Exercise brief :: Scan the entries line by line and return those with "Private".

=== Section Start ===

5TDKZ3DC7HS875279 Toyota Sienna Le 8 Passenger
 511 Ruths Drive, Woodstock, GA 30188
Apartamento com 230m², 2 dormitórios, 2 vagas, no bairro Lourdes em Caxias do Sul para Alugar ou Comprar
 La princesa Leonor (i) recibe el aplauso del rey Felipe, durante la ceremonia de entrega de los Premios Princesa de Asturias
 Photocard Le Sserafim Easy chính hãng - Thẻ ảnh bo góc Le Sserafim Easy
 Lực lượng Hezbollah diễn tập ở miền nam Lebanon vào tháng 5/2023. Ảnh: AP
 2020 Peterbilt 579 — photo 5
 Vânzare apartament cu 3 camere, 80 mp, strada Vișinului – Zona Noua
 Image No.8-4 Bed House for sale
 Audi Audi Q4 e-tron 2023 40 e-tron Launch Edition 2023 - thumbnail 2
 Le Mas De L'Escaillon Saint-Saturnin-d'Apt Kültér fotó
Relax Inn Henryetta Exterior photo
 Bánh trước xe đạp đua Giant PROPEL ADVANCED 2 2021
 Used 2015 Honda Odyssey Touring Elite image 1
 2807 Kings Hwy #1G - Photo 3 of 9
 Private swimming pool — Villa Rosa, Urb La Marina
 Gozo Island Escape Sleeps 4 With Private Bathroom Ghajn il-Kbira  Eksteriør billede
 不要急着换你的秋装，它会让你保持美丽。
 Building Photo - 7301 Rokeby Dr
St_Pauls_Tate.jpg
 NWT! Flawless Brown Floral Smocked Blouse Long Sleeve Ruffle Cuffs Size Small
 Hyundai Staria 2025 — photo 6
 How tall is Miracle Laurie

=== Section End ===

Task solution ::
 Private swimming pool — Villa Rosa, Urb La Marina
 Gozo Island Escape Sleeps 4 With Private Bathroom Ghajn il-Kbira  Eksteriør billede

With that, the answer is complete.